§ **Source material**

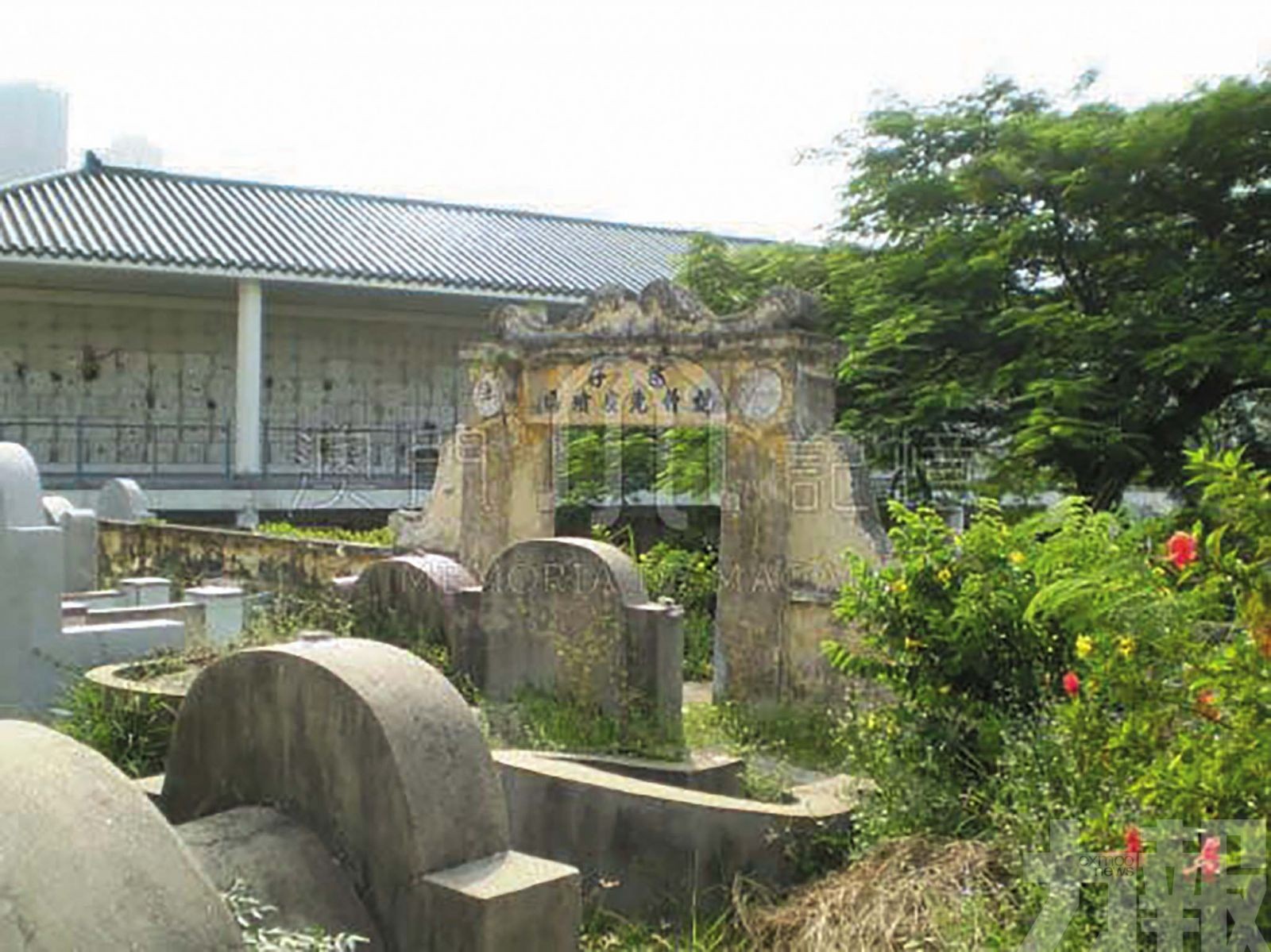 炮竹先友墳場的沉默見證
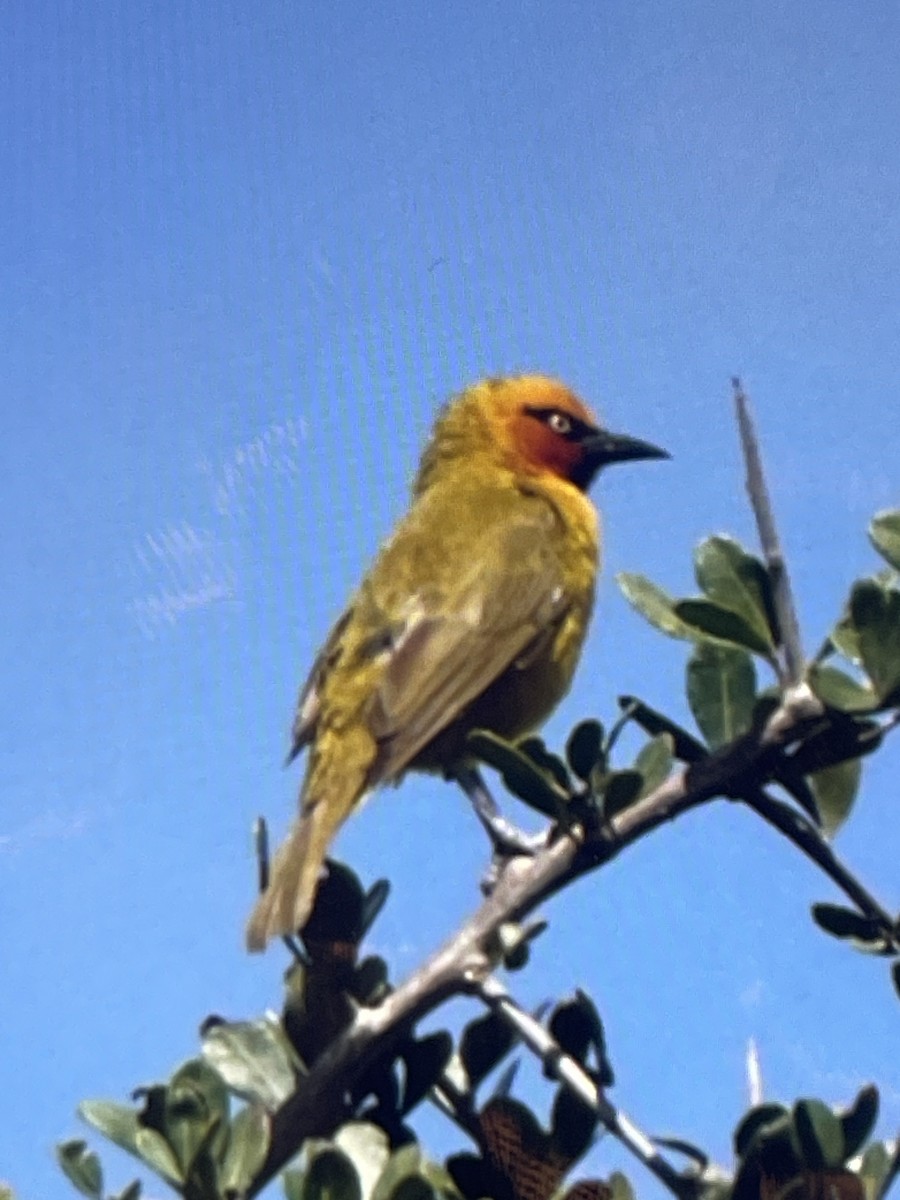 Cape Weaver - ML613208895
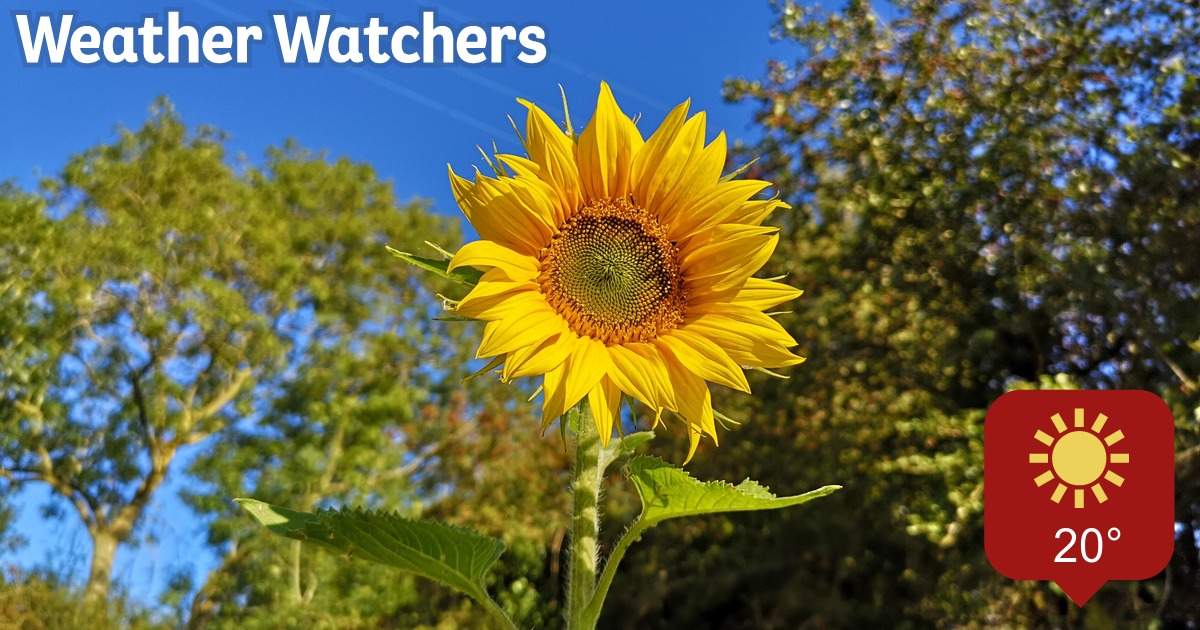 Report - BBC Weather Watchers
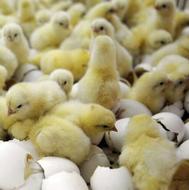 جوجه گوشتی /محلی گلپایگان/ اردک/ تخم نطفه دار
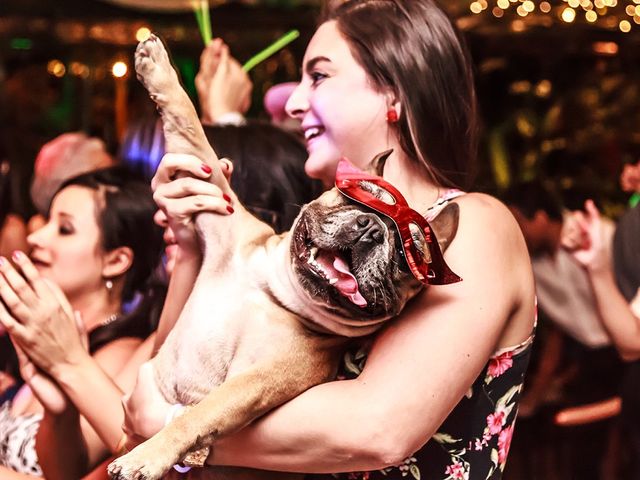El matrimonio de Lucas y Mercedes en Medellín, Antioquia 15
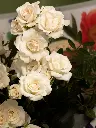 Bliss-1111-Edit.webp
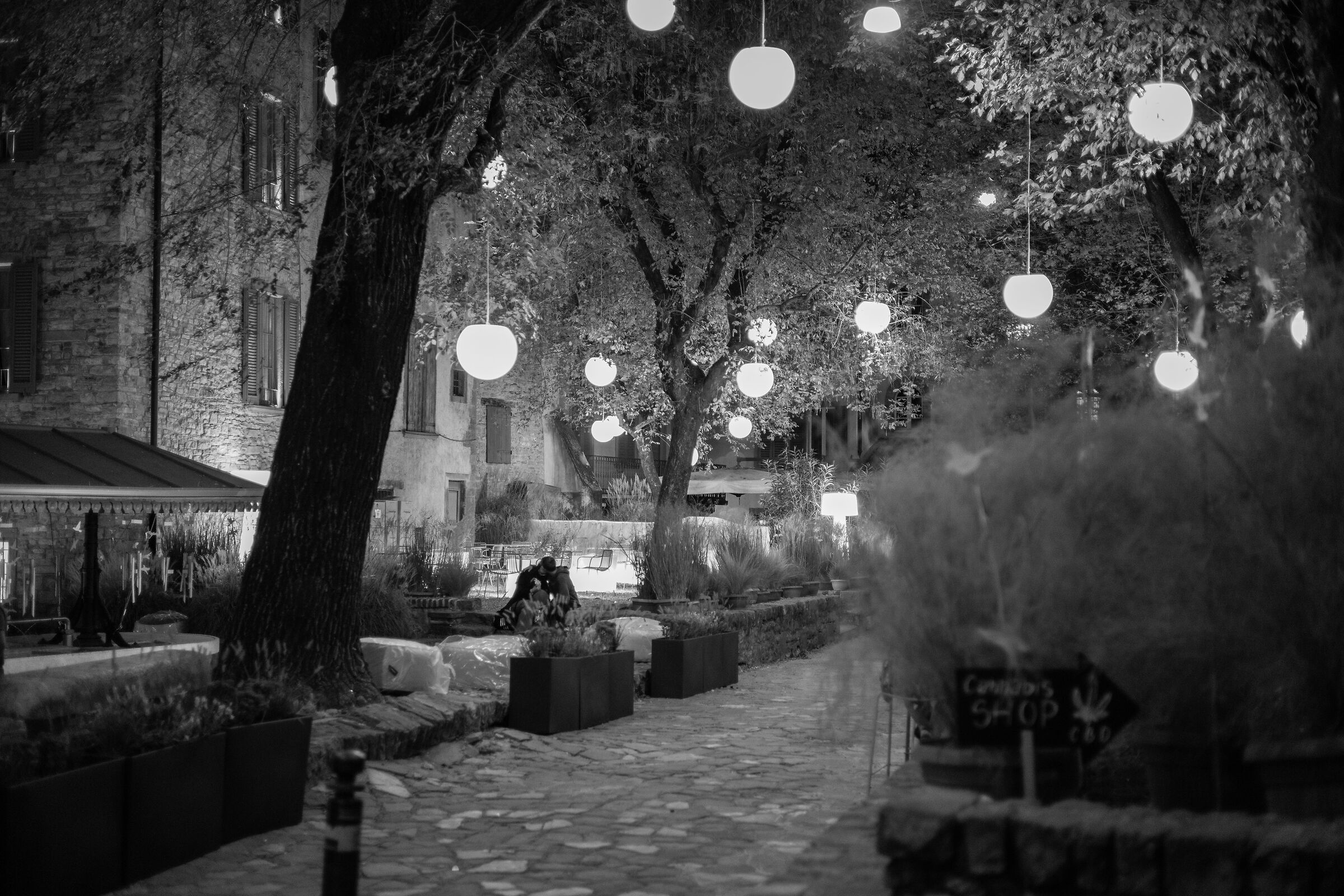 Lights and love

§ **Task statement**
Reproduce the listing above from the line that contains "El matrimonio de" through its final line, exactly and with nothing added. Omit the images.

§ **Solution**
El matrimonio de Lucas y Mercedes en Medellín, Antioquia 15
 Bliss-1111-Edit.webp
 Lights and love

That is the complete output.